▸ Work to complete: The expected result is a word-for-word copy of the entries, minus any pictures.

▸ Source records:
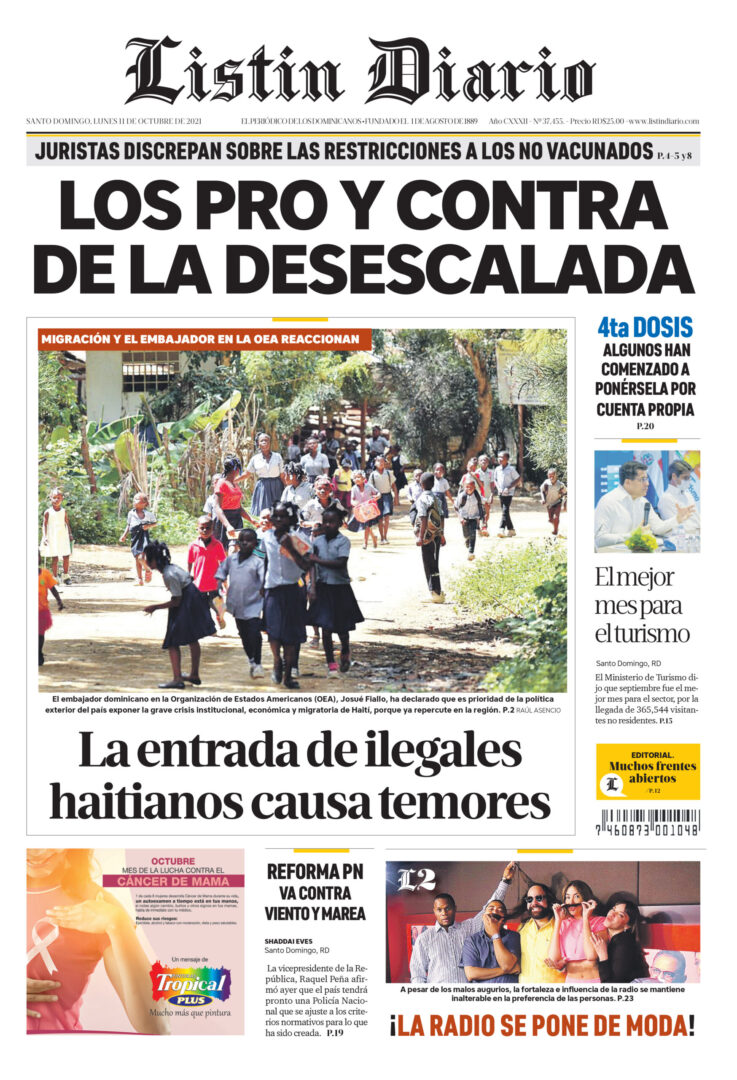 Portada Periódico Listín Diario, Lunes 11 Octubre, 2021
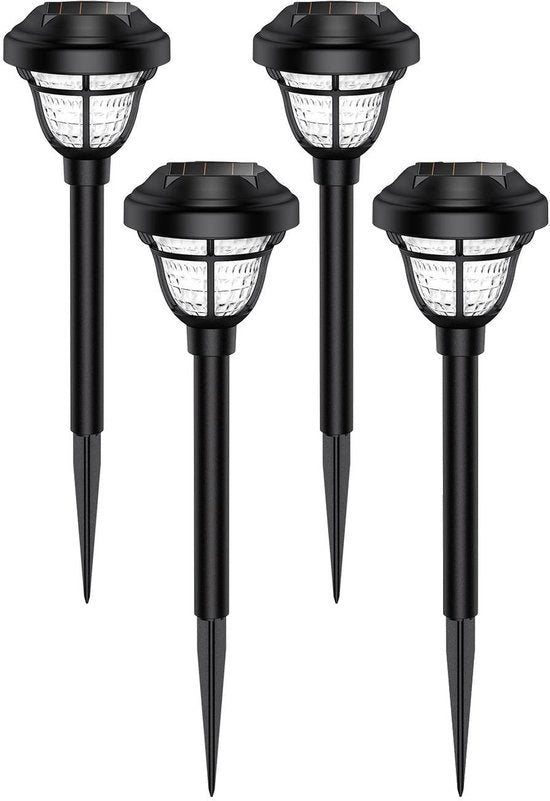 Lanterna solare esterna 2 in 1 ultra luminosa: 8 pacchi di lampada solare LED, nera, bianco caldo, 13 x 6 x 4 pollici, stile moderno, impermeabile, fino a 12 ore di crepuscolo fino all'alba, giardino, vialetto, marciapiede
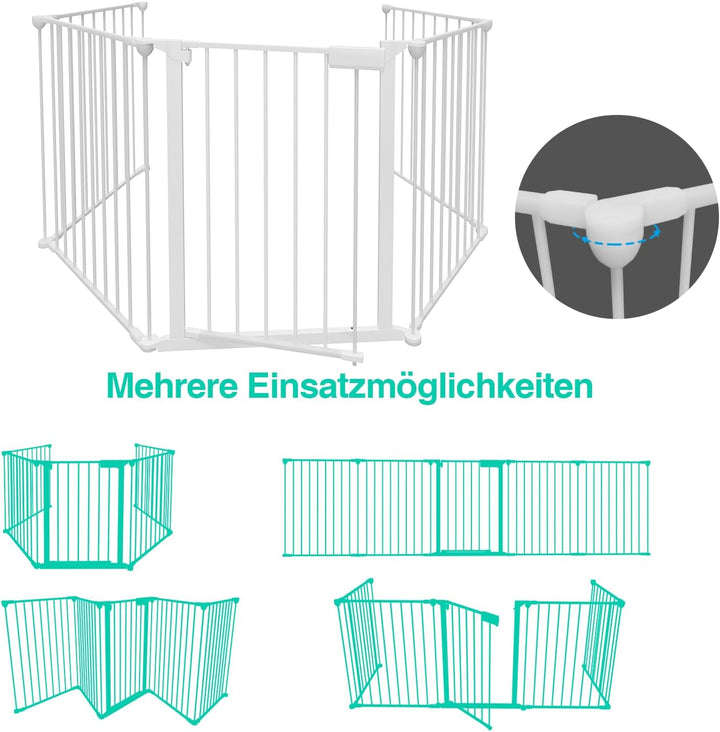 Eulenke Kaminschutzgitter mit Tür Metall 310cm Absperrgitter für Kinder, Ofenschutzgitter Laufstall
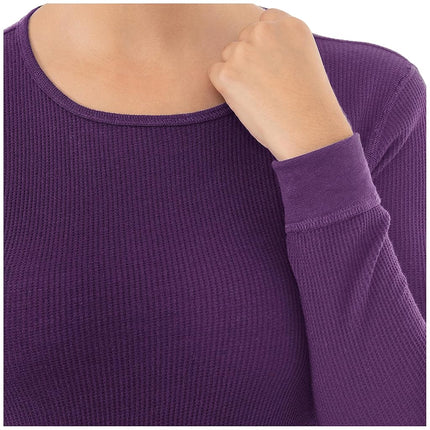 Fruit of The Loom Women's Micro Waffle Premium Thermal Crew Top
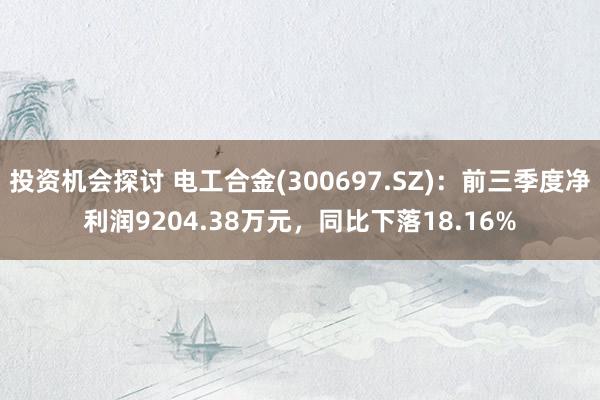 投资机会探讨 电工合金(300697.SZ)：前三季度净利润9204.38万元，同比下落18.16%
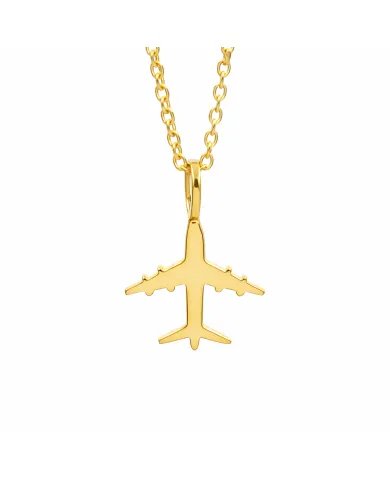 925 Silver Airplane Pendant - Handmade Gold Plated Lightweight Jewelry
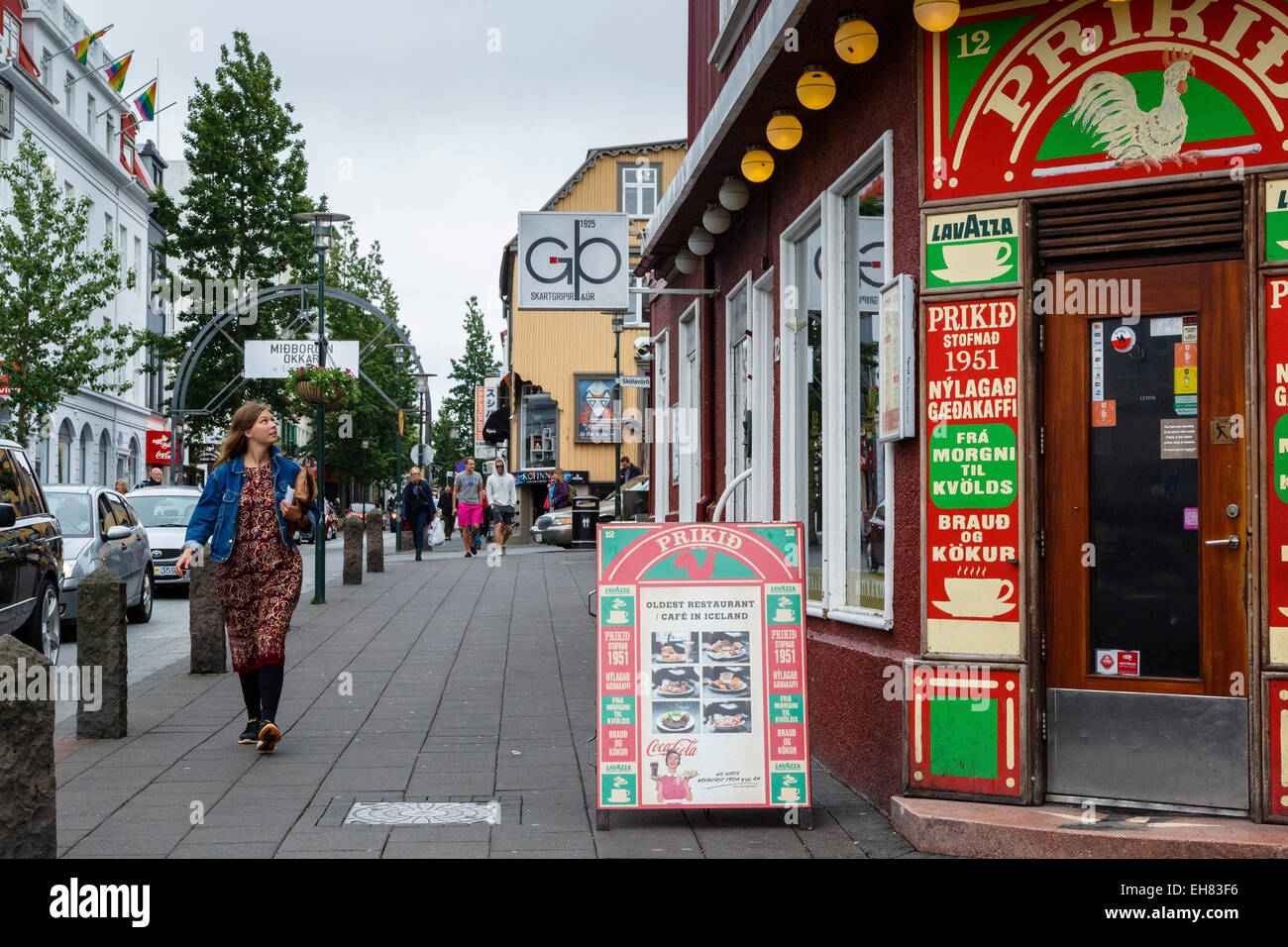 Scène de rue, Reykjavik, Islande, régions polaires Banque D'Images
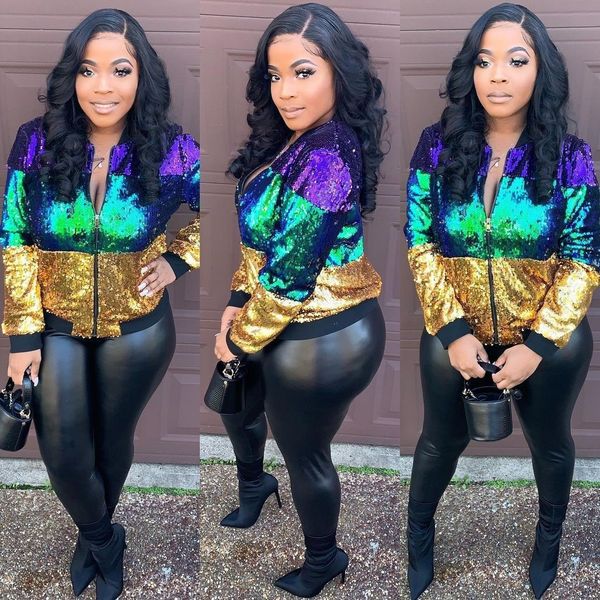 

women's jackets women's casual collision sequin jacket autumnwinter fashion s y2k clothes zipper jacket street hipster 230213, Black;brown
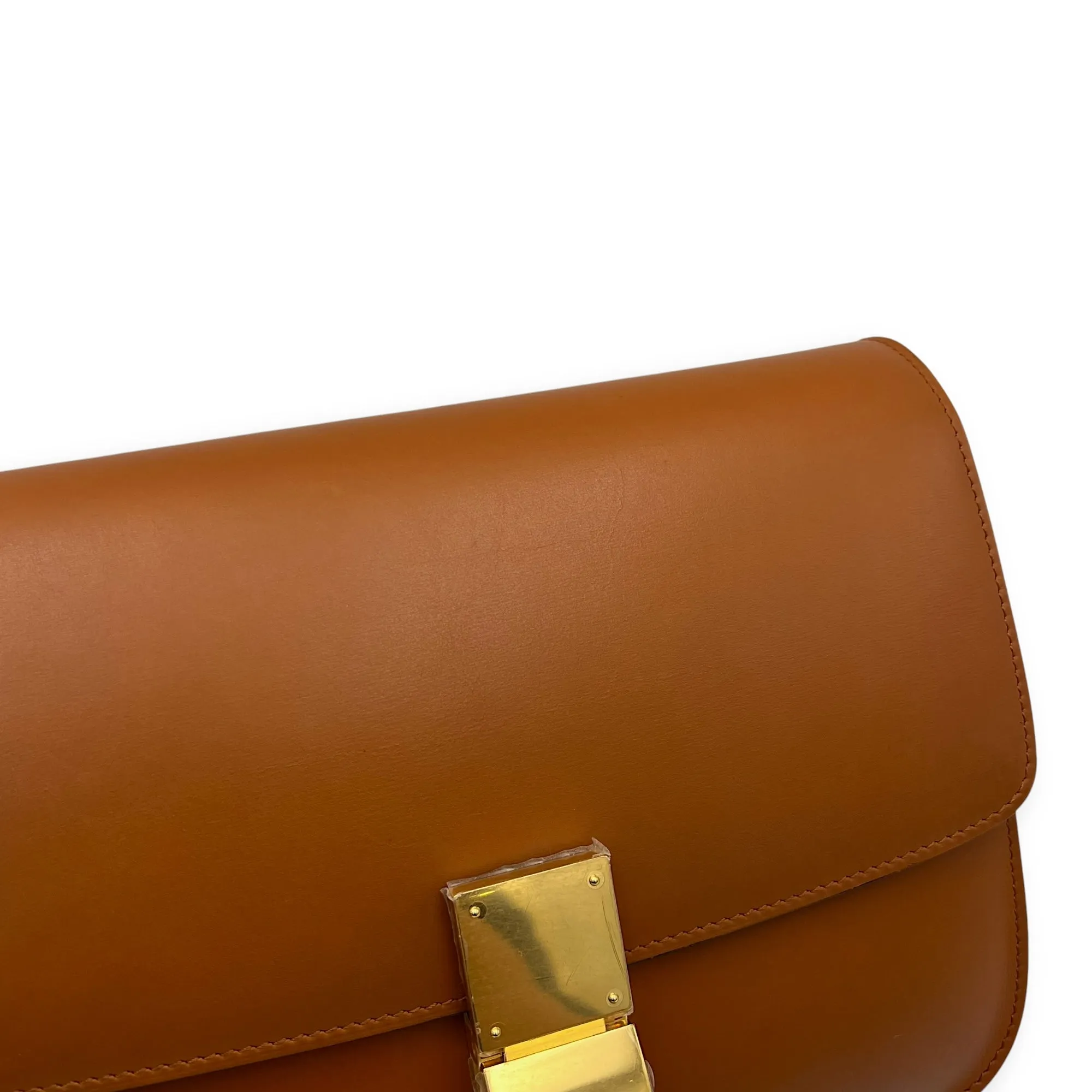 Box Crossbody Bag Brown in Calfskin, Gold hardware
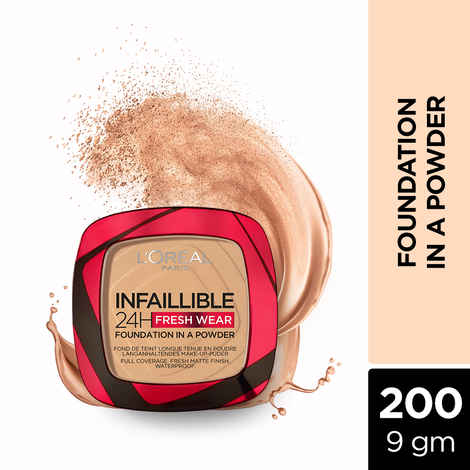 Buy L'Oreal Paris Infallible 24H Fresh Wear Foundation, 200 Golden Sand, Powder, 9 gm - Purplle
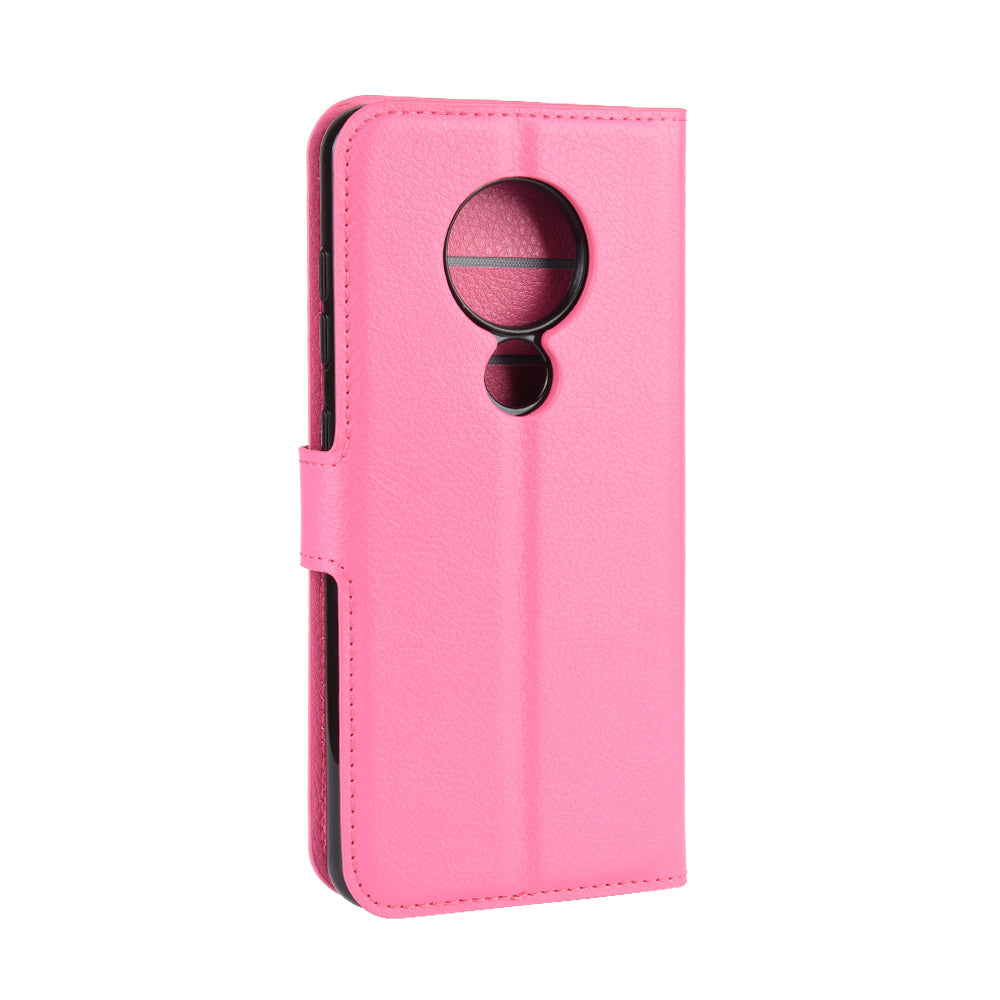 Litchi Skin Leather Wallet Stand Case for Nokia 6.2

▸ Response below:
 Portada Periódico Listín Diario, Lunes 11 Octubre, 2021
 Lanterna solare esterna 2 in 1 ultra luminosa: 8 pacchi di lampada solare LED, nera, bianco caldo, 13 x 6 x 4 pollici, stile moderno, impermeabile, fino a 12 ore di crepuscolo fino all'alba, giardino, vialetto, marciapiede
 Eulenke Kaminschutzgitter mit Tür Metall 310cm Absperrgitter für Kinder, Ofenschutzgitter Laufstall
 Fruit of The Loom Women's Micro Waffle Premium Thermal Crew Top
 投资机会探讨 电工合金(300697.SZ)：前三季度净利润9204.38万元，同比下落18.16%
 925 Silver Airplane Pendant - Handmade Gold Plated Lightweight Jewelry
 Scène de rue, Reykjavik, Islande, régions polaires Banque D'Images

women's jackets women's casual collision sequin jacket autumnwinter fashion s y2k clothes zipper jacket street hipster 230213, Black;brown
 Box Crossbody Bag Brown in Calfskin, Gold hardware
 Buy L'Oreal Paris Infallible 24H Fresh Wear Foundation, 200 Golden Sand, Powder, 9 gm - Purplle
 Litchi Skin Leather Wallet Stand Case for Nokia 6.2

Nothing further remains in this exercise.